3 keys to being true to your "brand"

Have you noticed that companies aren't true to their brand? They constantly make decisions which are true head-scratchers. Is Coke a health brand? Is Snapple a fruit drink? Does McDonalds conjure up images of a night out on the town?

I've got three questions you can ask yourself as you look to expand your company or market - that may help you stay in-line with what your customers want and all the hard work you've put into establishing your "brand"...

(1) Does it make sense? Seems simple enough - you should have already asked yourself this question - right? During the frenzy of the new product or service idea this one sometimes slips through the proverbial cracks. Making sense does not always when making money is key motivator (or retrenching, establishing a foot hold, maintaining market leadership, etc.). And maybe it was your boss or your boss's boss that came up with this brilliant idea. Do you question their sanity by asking a simple question like "Does it make sense"? Of course it makes sense - these brilliant people thought of it - and look what they've done.

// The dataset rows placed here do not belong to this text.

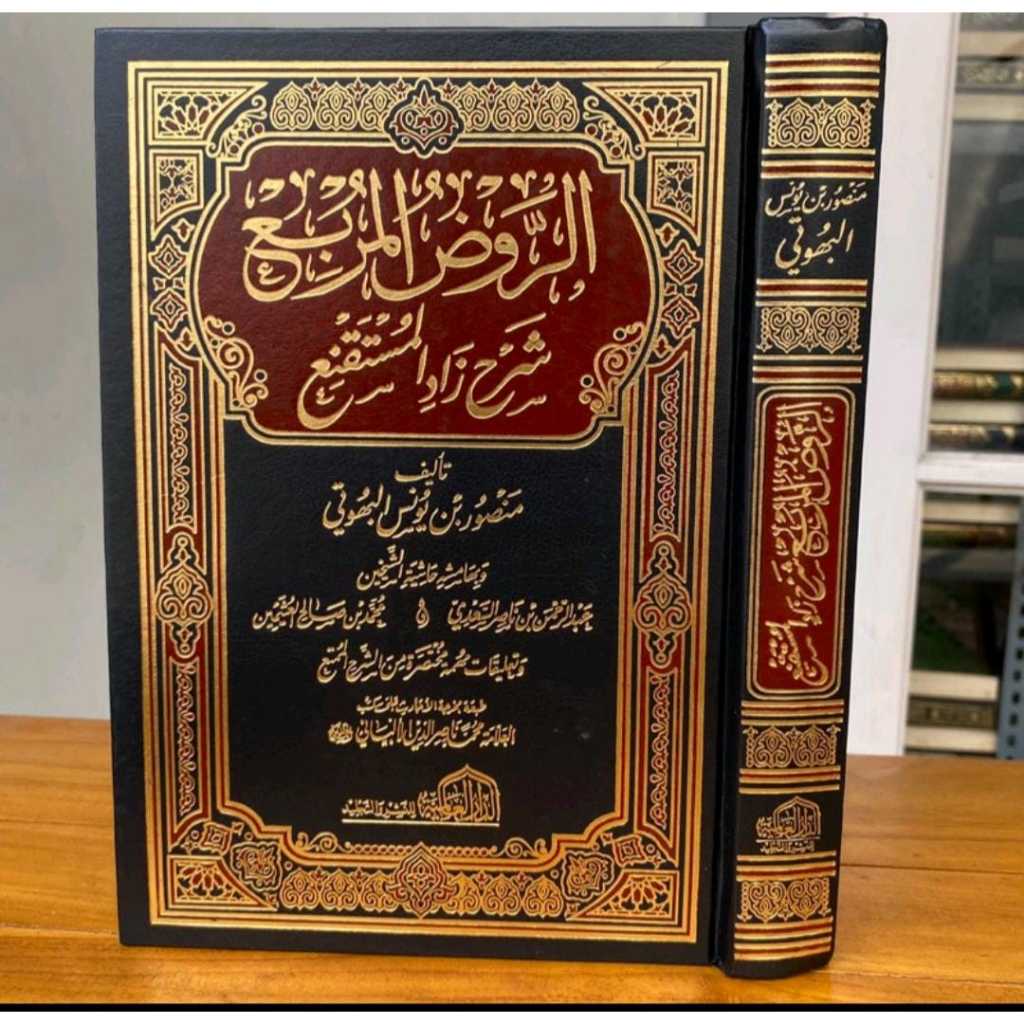KITAB RAUDHUL MURBI SYARAH ZADUL MUSTAQNI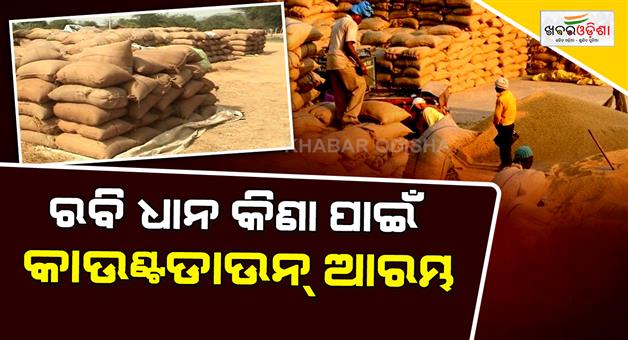 Khabar Odisha:rabi-paddy-procurement-to-begin-may-1-in-20-districts-government-issues-notification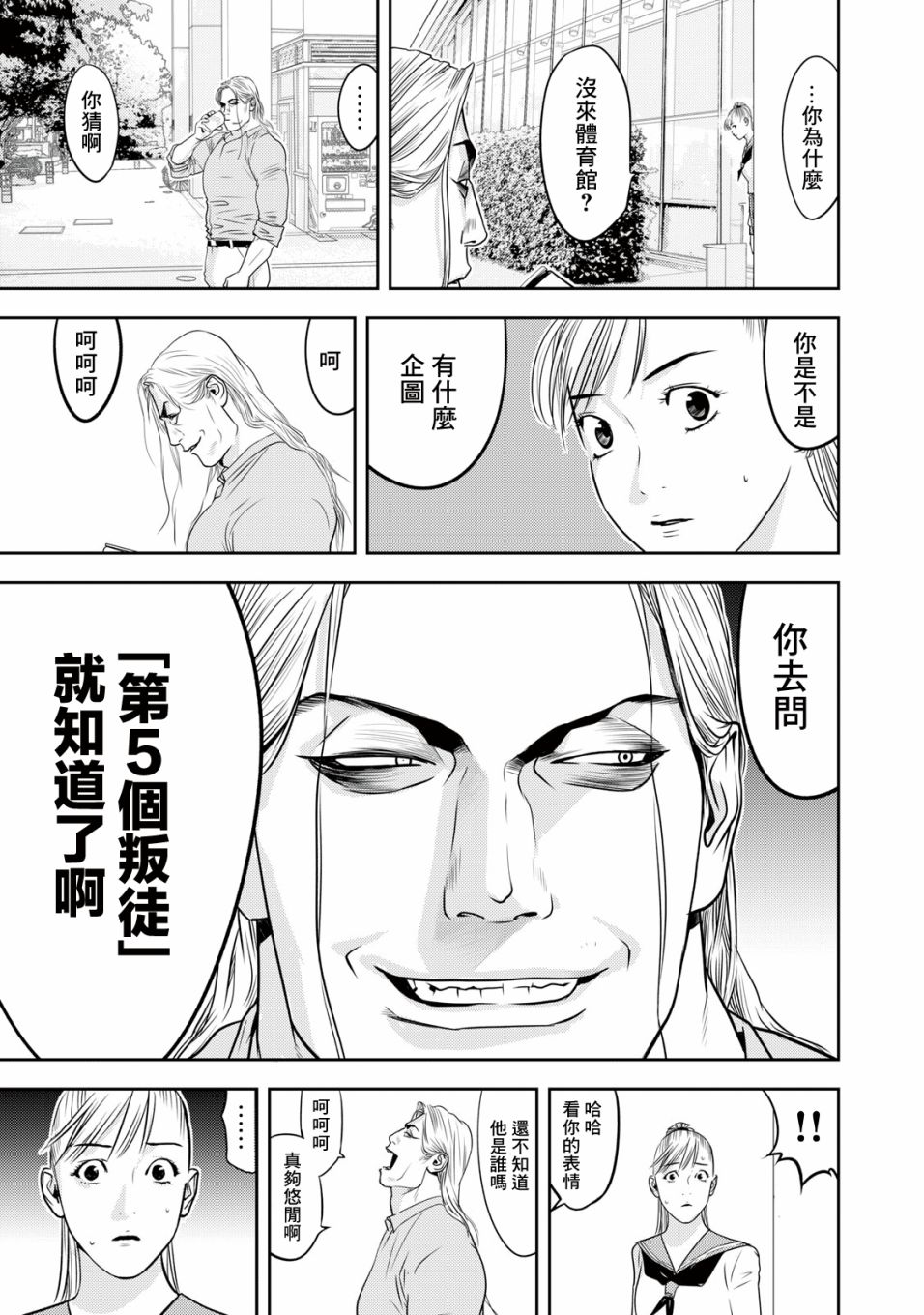 新信长公记韩漫全集-第69话无删减无遮挡章节图片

But sometimes, it doesn't make sense to expand, to introduce that new product or service, to move into new area or market. Just think to yourself it your customers will believe this new thing. If you're a fast food joint, does it make sense to put table cloths and candles on the table after 5pm? If you're an accountant, should you start selling insurance?

Just make sure "it makes sense" - no just to you, but to your customers.

(2) Will it make money? Sometimes businesses rush into something because it's a hot trend, or "everyone will expect us to...". It happens in the world of technology all the time. Some new technology or service hits the market and everyone is afraid they'll miss the next internet trend, and the next Google or Facebook will be born - and they will be out of business. That may happen regardless of chasing the trend or not. All you really have to do is look at a company like AOL or Yahoo or MySpace to realize that consumers are fickle.

What stays is "style" no matter what business your in is making money. By that I mean, making more than you spend, thus leaving you with the ability to "invest" in your business. So ask yourself - can I make money with this new product or service? How and when? Many companies today are doing the "try it before you buy it" program - or the 100% of your money back if you don't like it program. Neither of these are bad - but can you make money long term. What's the second and third "thing" you are going to sell your customers? How do you make money?

(3) Is it a long term or short term "play"? Now most people want to believe their business or products will sell forever. Some do and some don't. Being realistic about the longevity of your product helps you create a long term roadmap. Maybe this is just a way to get people in the door, get them to understand who you are and become life long customers. Maybe its just a way to fund a longer vision. Nothing wrong with a short term play if you have a long term plan.

Well those are my thought for today - help they help.